» Material supplied:
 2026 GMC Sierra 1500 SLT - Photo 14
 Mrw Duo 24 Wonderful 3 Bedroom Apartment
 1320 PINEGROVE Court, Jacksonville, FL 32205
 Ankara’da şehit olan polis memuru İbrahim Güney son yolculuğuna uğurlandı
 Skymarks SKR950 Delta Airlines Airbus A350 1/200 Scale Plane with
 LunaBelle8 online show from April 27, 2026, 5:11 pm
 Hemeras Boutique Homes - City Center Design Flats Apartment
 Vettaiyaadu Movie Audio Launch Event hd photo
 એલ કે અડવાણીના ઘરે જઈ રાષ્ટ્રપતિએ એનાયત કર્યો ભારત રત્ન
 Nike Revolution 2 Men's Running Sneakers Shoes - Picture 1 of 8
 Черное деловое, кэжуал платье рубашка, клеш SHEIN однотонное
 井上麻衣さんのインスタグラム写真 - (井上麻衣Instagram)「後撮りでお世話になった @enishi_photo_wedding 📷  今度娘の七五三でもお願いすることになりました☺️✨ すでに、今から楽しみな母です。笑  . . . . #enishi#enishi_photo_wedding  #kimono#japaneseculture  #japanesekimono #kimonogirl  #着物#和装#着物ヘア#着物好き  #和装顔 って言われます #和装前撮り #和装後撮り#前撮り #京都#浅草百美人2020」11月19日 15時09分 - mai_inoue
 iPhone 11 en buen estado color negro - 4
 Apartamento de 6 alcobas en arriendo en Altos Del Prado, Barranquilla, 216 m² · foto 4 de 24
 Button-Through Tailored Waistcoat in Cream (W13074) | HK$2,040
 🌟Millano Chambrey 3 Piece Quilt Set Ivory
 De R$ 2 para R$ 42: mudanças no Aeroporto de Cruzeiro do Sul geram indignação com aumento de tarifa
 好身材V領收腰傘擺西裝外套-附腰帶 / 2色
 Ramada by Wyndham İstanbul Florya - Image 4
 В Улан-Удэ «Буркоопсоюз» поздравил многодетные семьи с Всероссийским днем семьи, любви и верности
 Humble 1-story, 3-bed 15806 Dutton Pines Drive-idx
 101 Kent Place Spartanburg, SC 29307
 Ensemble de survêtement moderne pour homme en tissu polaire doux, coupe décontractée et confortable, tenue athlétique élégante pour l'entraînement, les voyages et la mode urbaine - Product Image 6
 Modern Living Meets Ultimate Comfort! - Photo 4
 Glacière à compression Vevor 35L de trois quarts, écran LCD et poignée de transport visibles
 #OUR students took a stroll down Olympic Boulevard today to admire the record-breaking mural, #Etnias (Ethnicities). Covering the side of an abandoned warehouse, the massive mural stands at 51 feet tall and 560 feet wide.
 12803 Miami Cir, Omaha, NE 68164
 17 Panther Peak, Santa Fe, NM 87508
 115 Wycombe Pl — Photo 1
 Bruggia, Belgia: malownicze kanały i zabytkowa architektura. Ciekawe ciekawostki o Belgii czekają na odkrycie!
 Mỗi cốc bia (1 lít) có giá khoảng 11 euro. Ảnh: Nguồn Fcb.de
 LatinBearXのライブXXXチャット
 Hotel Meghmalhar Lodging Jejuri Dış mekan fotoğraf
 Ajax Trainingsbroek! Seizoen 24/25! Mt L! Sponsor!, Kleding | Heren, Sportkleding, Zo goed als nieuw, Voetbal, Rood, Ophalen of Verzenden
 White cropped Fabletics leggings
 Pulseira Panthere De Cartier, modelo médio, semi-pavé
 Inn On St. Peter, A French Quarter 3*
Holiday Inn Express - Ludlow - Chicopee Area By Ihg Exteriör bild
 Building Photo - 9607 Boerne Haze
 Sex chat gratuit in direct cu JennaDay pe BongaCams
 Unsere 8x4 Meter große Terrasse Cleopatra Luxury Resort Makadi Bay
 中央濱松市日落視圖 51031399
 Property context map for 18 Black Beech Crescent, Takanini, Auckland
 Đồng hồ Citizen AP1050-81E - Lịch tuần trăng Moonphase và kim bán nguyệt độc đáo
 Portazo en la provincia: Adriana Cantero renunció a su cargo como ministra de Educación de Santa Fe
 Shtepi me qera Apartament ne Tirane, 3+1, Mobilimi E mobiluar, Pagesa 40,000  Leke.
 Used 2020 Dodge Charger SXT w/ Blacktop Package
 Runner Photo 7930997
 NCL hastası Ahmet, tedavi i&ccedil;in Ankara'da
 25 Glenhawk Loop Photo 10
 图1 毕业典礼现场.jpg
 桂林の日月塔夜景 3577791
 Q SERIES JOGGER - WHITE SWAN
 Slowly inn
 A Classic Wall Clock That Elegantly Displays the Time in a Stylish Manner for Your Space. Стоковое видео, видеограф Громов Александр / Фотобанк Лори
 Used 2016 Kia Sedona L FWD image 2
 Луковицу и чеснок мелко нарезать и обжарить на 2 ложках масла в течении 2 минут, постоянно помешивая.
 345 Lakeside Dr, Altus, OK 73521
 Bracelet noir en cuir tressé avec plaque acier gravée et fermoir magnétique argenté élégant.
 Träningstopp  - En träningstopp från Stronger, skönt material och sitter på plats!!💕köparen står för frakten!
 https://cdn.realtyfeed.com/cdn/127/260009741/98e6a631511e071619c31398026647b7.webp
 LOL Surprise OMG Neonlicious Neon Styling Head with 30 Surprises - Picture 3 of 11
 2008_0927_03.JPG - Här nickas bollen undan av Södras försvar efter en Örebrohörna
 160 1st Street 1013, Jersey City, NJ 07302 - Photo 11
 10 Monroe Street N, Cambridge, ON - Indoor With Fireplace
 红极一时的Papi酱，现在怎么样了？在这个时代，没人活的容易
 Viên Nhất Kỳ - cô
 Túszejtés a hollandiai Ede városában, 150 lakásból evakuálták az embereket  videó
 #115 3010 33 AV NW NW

» Problem requirements:
Each line from the one that contains "står för frakten!" through the end of the material above should be returned exactly, and nothing else.

» Solved problem:
 Träningstopp  - En träningstopp från Stronger, skönt material och sitter på plats!!💕köparen står för frakten!
 https://cdn.realtyfeed.com/cdn/127/260009741/98e6a631511e071619c31398026647b7.webp
 LOL Surprise OMG Neonlicious Neon Styling Head with 30 Surprises - Picture 3 of 11
 2008_0927_03.JPG - Här nickas bollen undan av Södras försvar efter en Örebrohörna
 160 1st Street 1013, Jersey City, NJ 07302 - Photo 11
 10 Monroe Street N, Cambridge, ON - Indoor With Fireplace
 红极一时的Papi酱，现在怎么样了？在这个时代，没人活的容易
 Viên Nhất Kỳ - cô
 Túszejtés a hollandiai Ede városában, 150 lakásból evakuálták az embereket  videó
 #115 3010 33 AV NW NW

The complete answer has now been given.